“I have the same problem,” the MP said.
Bonding was easier when the Liberal caucus didn’t even have 40 members in it. Now there are 182, and they are meeting amid the farms and fjords of Quebec’s Saguenay region to prepare for the fall sitting of Parliament. The one in which, they keep telling one another, the hard decisions will need to be made.
In the meantime, being Trudeau Liberals, they have team-building games. GUESS WHO, reads a sheet distributed to MPs as they arrived at the Delta Hotel. The rest of the sheet contains tidbits from the biographies of the 40 Quebec Liberal MPs. You have to guess which is which. Well, you don’t, but Liberal caucus members do.
“I was in a popular Quebec boyband.” That’s Peter Schiefke (Vaudreuil-Soulanges), who can still be found on YouTube, in a video from the 1990s, soulfully kissing a girl in a bikini as a member of InMotion.
“When I was young and didn’t speak much English, when tourists asked me for direction I would always say, ‘Just go straight ahead’ every time. Who knows how many tourists ended up in the wrong place . . . .” That’s Stéphane Dion. I feel like more Liberals wish they had known this anecdote when they were picking a leader in 2006.
It’s not all fun and games. If you know where to look, there are warnings against hubris everywhere. Half the caucus is staying at the Montagnais, down the street, where in 2002 an earlier generation of Liberals wrapped up a summer-long orgy of infighting and petty rivalry that marked the long prelude to a decade out of power.
It was at the Montagnais that Jean Chrétien, facing a rebellion from a party that had followed him to three consecutive majority governments, announced he would retire from office — in 18 months. Paul Martin had eagerly sought the resignation, had no idea what to do about the long fuse attached to it, and spent hours figuring out what to say. That was a fun meeting to cover.
This one is more businesslike. It is also vastly harder to get into. Hundreds of RCMP and Sûreté du Québec officers formed a cordon around the Delta on Thursday, more than I’ve ever seen for an event like this, far more than seemed warranted by the desultory clot of worried milk farmers who took turns reading speeches about trade policy to one another through a bullhorn.
But these days, if you wonder why security is heavy, there is probably a reason, and inside the layers of security the Liberals are in good spirits. Despite the steady drip of stories documenting questionable spending practices by Trudeau cabinet ministers. Liberals are pretty sure the rules will be fixed and the stories will go away. They had better see to it.
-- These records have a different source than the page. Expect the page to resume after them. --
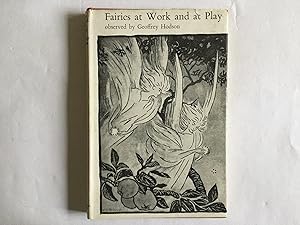 Seller image for Fairies at Work and at Play for sale by Great Oak Bookshop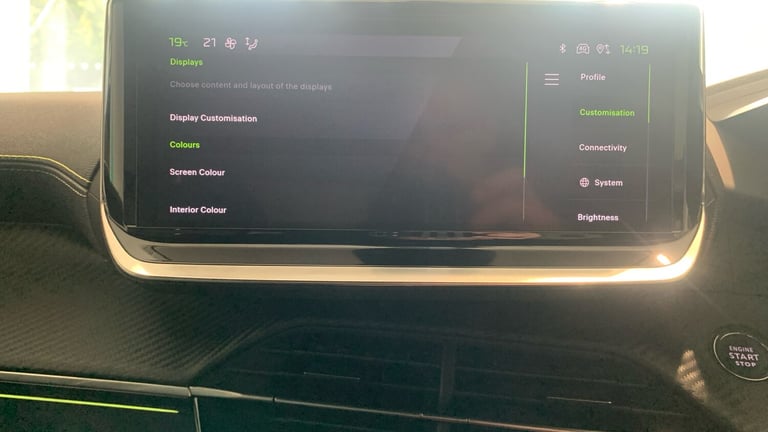 2024 Peugeot 2008 1.2 PureTech GT SUV 5dr Petrol EAT Euro 6 (s/s) (130 ps) SUV Petrol Automatic
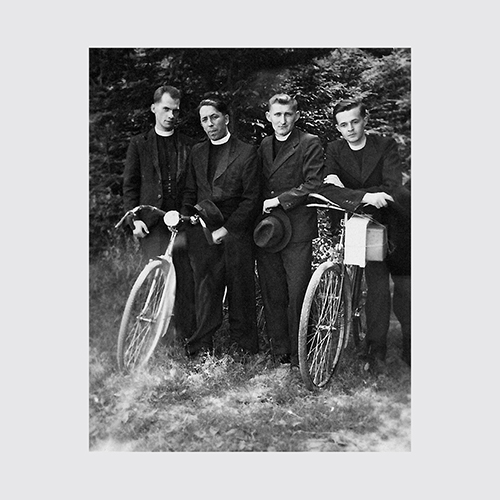 Václav Drbola a Jan Bula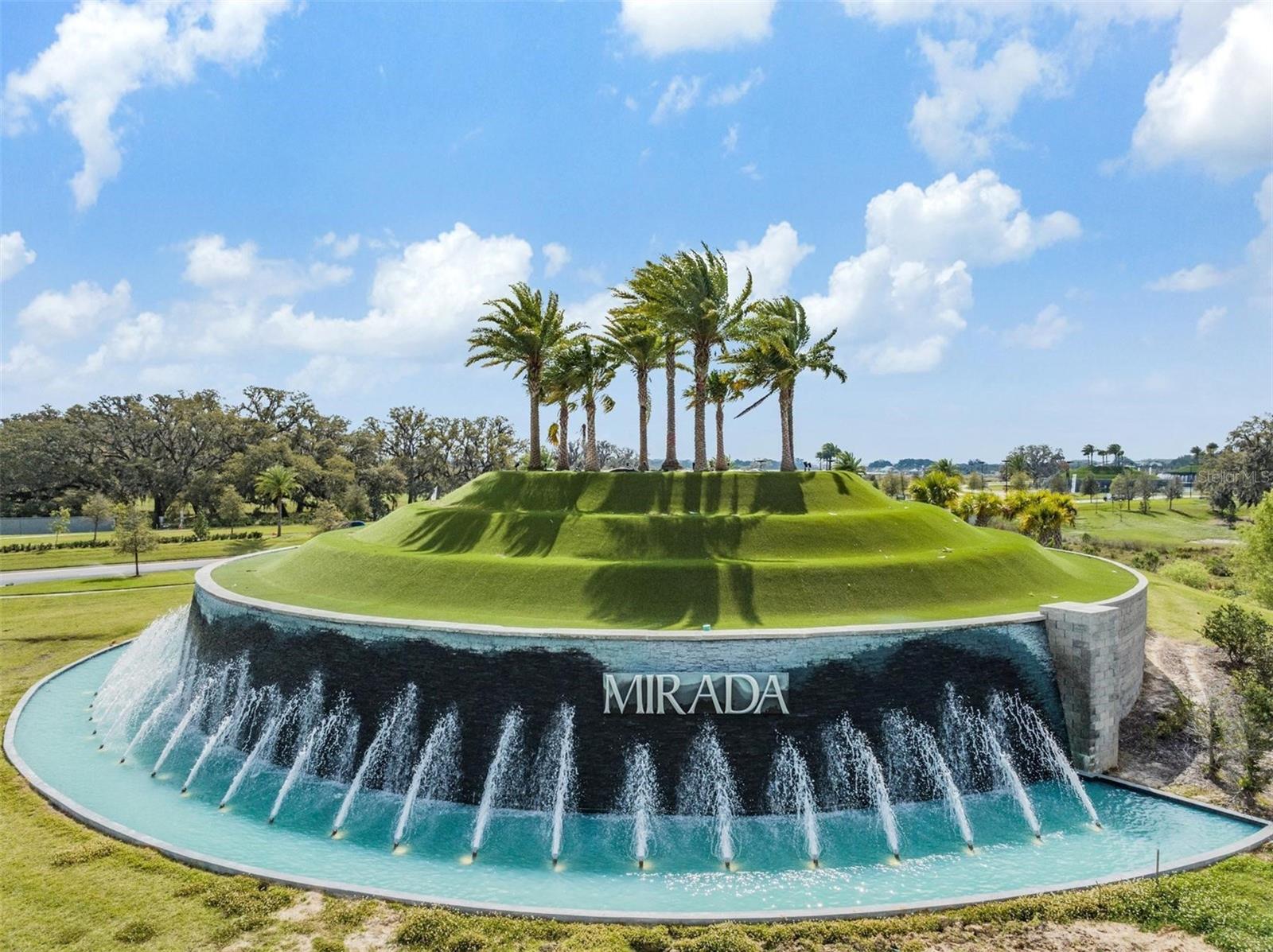 MIRADA - Residential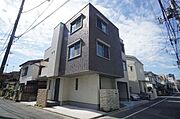 蕨駅より徒歩12分 2階 築6年11ヶ月の賃貸物件
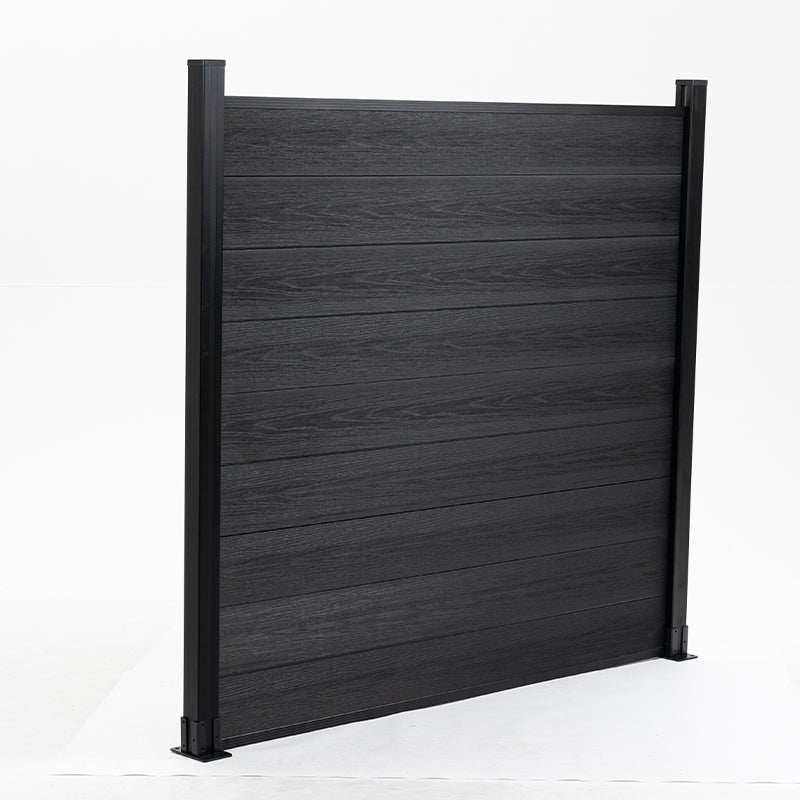 Composite Fence Co-extrusion Wholesale Discounted Price -Black - Image 26
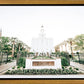 Sweet is The Work St George Utah Temple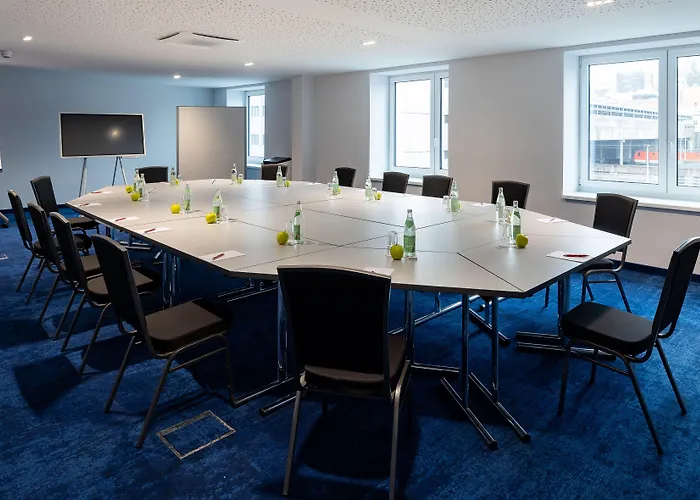 Mk Hotel Passau
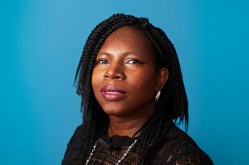 Rosanna Amaka Author pic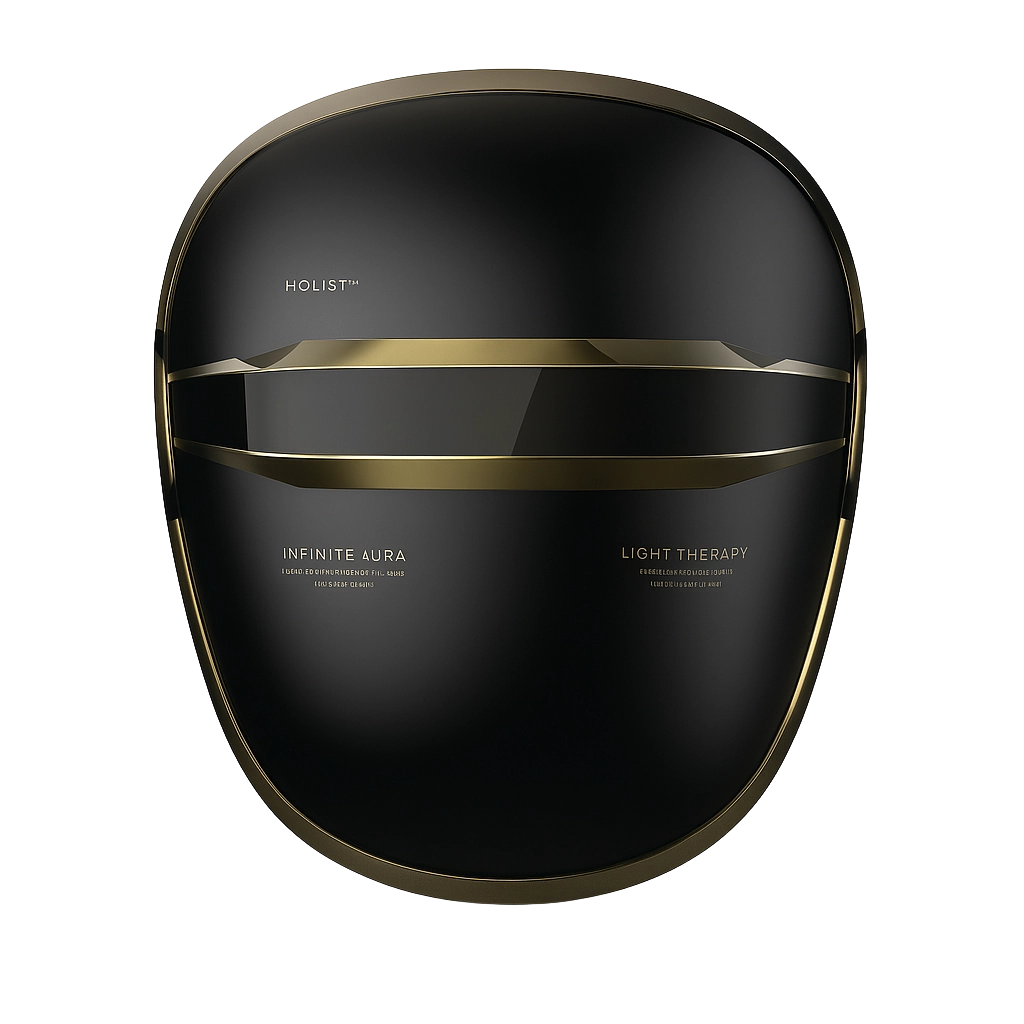 Holist Infinite Aura LED Mask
Justin Trudeau’s speech to the caucus before their lunch break was at least partly theatre for the scribes, who were allowed in to hear it, but his message was designed to fit this long twilight-summer moment between triumph and trouble. It’s getting late to celebrate a victory now nearly a year in the past, and the prime minister chose to urge his troops against complacency.
“In just the first two weeks of August last year, we had more than 73,000 conversations with Canadians across the country by going door-to-door. That’s impressive. But in all of 2016, we’ve had only 12,000 conversations with Canadians. Not only can we do better, but we must.”
One notes that today’s Liberal party counts these conversations, even now. But Trudeau’s point was not only about volume. “We should be proud of what we’ve accomplished, but never satisfied. After all, there is always more work to be done.”
Such as? “Climate change.” Climate change? “If we want to grow the middle class in Canada and ensure it prospers, we must prepare the transition to clean growth. And the path to that transition goes through innovation.” Trudeau mentioned water treatment in Nova Scotia and public transit in Montreal. “We make these investments, not because we want to, but because we must.”
Got it. “Let’s get back to basics. Knock on doors, meet with Canadians and listen more than we talk.” Later Thursday, the MPs had a boat cruise. Friday some will go kayaking. They will miss those moments when politics comes rushing back in.